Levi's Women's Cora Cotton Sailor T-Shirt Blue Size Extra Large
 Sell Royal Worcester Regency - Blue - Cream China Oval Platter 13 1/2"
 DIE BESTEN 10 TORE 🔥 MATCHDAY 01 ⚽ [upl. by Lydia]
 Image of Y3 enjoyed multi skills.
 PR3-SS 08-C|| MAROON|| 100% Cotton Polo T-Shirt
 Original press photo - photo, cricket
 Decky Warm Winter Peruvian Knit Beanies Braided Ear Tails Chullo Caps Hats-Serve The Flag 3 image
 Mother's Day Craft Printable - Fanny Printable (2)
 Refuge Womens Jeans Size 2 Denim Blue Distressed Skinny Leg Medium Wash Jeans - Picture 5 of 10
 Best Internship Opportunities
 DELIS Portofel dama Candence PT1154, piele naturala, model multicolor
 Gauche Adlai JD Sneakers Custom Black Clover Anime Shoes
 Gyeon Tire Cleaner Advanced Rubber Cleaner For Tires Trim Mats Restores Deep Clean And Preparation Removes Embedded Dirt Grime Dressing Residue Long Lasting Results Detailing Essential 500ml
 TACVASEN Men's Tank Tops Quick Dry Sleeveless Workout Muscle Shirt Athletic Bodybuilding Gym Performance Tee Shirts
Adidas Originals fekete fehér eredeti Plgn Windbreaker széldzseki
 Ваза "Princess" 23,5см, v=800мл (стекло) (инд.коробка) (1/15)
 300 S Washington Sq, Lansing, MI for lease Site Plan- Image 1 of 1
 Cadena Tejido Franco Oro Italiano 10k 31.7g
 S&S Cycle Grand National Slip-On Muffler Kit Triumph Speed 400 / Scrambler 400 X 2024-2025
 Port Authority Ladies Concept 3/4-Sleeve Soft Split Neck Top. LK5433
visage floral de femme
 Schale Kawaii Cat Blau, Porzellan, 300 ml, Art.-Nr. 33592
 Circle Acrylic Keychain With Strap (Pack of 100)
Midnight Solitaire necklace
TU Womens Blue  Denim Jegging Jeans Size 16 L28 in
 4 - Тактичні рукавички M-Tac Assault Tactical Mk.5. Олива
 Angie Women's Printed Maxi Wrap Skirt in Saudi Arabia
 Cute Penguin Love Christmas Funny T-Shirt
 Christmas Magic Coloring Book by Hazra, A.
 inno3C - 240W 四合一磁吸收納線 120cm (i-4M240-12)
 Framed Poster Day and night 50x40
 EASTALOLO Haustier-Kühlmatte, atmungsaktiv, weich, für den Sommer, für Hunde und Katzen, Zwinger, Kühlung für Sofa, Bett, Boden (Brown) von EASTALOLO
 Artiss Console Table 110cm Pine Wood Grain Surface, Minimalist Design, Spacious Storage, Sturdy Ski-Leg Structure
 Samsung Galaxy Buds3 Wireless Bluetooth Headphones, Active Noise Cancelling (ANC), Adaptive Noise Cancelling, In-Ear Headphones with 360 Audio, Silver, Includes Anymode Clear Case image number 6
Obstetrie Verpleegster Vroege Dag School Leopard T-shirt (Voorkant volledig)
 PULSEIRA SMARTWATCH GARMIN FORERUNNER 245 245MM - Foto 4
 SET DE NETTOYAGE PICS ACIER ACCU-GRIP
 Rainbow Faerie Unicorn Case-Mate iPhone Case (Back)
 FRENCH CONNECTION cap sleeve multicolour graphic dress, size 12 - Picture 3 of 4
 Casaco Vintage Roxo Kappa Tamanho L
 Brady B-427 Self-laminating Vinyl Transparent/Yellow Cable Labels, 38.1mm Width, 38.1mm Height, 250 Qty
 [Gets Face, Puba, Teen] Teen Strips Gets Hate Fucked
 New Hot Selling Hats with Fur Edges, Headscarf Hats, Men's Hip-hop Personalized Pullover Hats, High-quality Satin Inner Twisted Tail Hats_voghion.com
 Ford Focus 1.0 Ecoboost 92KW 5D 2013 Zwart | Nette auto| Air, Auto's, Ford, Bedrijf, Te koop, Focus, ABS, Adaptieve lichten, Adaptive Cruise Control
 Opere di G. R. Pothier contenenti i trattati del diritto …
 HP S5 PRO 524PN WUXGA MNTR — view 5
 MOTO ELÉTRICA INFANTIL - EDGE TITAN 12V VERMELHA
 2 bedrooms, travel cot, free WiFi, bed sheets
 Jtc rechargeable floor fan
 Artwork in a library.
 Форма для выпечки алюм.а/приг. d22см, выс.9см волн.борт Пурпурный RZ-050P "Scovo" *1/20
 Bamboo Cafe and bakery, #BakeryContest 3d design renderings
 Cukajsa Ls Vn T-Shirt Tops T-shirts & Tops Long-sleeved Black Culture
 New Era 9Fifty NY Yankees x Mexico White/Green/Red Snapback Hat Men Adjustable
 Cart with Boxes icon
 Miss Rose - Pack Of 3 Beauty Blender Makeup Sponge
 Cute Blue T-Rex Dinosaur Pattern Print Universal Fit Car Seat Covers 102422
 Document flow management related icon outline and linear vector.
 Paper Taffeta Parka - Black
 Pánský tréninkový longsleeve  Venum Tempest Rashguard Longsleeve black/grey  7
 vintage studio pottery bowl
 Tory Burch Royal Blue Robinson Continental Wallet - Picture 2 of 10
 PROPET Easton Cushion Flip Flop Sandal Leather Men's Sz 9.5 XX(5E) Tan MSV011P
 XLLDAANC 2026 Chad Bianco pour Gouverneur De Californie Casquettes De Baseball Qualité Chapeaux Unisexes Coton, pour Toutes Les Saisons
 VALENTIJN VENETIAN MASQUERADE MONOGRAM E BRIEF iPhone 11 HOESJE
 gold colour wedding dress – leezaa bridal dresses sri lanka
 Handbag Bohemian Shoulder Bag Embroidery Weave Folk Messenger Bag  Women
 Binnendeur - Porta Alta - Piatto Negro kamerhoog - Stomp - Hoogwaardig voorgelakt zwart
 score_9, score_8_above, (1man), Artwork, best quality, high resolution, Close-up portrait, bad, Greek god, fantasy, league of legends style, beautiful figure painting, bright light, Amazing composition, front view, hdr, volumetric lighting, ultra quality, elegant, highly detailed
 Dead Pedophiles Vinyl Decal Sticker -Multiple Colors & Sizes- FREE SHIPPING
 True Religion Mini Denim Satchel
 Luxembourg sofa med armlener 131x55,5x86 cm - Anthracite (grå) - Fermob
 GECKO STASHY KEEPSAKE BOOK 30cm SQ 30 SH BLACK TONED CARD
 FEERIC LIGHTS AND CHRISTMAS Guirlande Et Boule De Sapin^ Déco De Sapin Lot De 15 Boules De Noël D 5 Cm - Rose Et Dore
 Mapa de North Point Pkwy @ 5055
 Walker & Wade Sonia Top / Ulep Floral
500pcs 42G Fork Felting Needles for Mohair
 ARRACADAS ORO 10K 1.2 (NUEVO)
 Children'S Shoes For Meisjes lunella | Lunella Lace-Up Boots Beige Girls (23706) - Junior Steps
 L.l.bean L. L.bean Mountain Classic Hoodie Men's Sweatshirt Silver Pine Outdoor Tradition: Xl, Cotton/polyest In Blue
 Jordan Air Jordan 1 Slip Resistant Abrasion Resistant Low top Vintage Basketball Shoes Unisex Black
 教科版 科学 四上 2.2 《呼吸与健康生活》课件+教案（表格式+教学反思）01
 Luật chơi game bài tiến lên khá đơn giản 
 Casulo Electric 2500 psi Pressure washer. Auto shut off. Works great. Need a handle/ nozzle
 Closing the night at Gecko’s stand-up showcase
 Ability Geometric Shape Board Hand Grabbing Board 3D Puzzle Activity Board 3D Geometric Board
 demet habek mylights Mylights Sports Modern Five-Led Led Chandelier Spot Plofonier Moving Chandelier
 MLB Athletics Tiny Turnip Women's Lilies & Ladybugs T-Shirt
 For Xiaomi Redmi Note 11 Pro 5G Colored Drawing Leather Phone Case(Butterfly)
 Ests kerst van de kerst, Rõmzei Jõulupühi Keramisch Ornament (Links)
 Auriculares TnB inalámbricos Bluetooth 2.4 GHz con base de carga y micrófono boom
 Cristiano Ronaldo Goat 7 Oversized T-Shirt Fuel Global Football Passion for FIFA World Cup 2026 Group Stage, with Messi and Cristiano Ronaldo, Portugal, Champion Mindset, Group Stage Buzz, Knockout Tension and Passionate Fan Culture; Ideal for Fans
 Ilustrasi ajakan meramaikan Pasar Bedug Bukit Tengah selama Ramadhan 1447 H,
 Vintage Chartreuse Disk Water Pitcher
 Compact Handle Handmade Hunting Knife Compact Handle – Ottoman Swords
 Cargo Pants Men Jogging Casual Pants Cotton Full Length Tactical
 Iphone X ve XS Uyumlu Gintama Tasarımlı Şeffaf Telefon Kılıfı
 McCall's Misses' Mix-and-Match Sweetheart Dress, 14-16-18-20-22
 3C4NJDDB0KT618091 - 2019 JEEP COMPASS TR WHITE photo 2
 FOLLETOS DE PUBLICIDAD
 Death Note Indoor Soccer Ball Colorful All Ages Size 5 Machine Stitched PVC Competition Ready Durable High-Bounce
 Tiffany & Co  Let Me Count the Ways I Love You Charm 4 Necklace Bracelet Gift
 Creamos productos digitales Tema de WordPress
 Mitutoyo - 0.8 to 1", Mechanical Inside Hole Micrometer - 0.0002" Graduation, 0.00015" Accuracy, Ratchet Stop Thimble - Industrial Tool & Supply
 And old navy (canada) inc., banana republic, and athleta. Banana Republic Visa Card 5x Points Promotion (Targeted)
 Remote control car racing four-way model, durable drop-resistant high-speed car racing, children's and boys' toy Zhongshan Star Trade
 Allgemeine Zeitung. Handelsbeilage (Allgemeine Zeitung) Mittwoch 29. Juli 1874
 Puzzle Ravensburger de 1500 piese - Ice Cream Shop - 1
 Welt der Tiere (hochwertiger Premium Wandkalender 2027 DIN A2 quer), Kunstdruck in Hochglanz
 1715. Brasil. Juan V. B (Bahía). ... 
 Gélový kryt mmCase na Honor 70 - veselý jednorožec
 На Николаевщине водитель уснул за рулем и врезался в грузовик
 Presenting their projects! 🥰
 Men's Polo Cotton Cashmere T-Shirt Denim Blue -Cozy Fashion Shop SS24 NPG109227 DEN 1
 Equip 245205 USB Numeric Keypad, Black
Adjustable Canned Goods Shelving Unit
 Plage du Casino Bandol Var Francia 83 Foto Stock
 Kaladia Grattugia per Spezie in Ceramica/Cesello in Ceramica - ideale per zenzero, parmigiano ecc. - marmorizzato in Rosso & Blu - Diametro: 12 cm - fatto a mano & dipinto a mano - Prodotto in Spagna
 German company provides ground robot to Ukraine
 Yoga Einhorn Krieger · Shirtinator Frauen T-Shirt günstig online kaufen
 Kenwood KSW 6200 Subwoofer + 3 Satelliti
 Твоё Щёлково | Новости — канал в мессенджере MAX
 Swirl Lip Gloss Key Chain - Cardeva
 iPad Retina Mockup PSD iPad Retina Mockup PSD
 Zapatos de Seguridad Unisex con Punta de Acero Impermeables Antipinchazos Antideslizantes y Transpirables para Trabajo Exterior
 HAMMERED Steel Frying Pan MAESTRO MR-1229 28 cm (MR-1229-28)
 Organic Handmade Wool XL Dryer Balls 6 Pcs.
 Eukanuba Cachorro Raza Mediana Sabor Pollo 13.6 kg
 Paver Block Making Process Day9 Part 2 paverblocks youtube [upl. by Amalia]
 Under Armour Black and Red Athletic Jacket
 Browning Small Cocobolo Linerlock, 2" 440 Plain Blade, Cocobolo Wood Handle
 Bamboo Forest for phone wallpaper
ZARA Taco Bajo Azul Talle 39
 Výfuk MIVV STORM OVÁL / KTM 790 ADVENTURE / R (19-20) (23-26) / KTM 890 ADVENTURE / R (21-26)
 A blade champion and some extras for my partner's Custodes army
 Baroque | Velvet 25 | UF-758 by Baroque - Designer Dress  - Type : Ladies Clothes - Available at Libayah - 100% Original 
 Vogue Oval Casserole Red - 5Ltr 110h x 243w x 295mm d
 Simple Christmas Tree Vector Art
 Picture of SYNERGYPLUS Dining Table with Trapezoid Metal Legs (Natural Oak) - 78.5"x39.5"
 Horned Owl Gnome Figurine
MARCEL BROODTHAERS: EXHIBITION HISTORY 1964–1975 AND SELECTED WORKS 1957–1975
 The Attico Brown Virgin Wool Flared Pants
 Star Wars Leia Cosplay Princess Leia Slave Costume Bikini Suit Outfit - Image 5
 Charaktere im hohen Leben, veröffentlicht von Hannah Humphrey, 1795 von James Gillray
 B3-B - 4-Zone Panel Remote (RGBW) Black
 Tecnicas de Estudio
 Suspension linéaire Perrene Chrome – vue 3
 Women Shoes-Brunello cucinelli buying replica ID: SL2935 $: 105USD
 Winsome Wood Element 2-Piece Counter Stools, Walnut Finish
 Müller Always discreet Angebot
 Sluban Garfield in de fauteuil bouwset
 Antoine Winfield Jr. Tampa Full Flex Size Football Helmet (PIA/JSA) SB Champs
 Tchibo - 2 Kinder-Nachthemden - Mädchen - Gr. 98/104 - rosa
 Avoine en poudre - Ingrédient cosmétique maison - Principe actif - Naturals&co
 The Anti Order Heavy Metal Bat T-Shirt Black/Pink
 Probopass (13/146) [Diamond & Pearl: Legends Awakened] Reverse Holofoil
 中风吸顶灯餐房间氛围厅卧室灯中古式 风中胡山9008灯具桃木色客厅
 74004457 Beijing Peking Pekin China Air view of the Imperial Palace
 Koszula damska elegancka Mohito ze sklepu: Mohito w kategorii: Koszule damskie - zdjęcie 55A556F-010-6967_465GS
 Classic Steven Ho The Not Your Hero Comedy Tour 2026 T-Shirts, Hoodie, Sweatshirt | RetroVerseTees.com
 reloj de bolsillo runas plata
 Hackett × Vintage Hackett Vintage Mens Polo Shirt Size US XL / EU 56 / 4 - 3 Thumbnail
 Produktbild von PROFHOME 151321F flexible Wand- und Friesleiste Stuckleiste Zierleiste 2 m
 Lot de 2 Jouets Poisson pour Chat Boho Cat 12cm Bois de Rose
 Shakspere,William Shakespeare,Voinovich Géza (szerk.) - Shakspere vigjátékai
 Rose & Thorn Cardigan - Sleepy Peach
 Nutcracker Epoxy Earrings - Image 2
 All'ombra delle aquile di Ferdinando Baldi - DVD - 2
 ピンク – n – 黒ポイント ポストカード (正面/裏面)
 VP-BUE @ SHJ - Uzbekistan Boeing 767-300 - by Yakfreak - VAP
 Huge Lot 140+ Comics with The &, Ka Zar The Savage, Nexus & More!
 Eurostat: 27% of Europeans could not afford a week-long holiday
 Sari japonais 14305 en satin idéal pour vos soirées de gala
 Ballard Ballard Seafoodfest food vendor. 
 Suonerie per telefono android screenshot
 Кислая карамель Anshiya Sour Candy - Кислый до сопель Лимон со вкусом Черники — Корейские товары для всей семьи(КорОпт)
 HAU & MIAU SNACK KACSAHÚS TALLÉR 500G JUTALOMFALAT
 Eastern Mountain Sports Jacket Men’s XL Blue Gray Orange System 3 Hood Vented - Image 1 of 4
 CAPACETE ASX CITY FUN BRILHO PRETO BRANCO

-*-

### What the exercise asks
Would you copy, unchanged, the stretch of the records above that begins at the line containing "Vogue Oval Casserole" and ends at the line containing "Women Shoes-Brunello cucinelli", and only that?

### Solved problem
 Vogue Oval Casserole Red - 5Ltr 110h x 243w x 295mm d
 Simple Christmas Tree Vector Art
 Picture of SYNERGYPLUS Dining Table with Trapezoid Metal Legs (Natural Oak) - 78.5"x39.5"
 Horned Owl Gnome Figurine
MARCEL BROODTHAERS: EXHIBITION HISTORY 1964–1975 AND SELECTED WORKS 1957–1975
 The Attico Brown Virgin Wool Flared Pants
 Star Wars Leia Cosplay Princess Leia Slave Costume Bikini Suit Outfit - Image 5
 Charaktere im hohen Leben, veröffentlicht von Hannah Humphrey, 1795 von James Gillray
 B3-B - 4-Zone Panel Remote (RGBW) Black
 Tecnicas de Estudio
 Suspension linéaire Perrene Chrome – vue 3
 Women Shoes-Brunello cucinelli buying replica ID: SL2935 $: 105USD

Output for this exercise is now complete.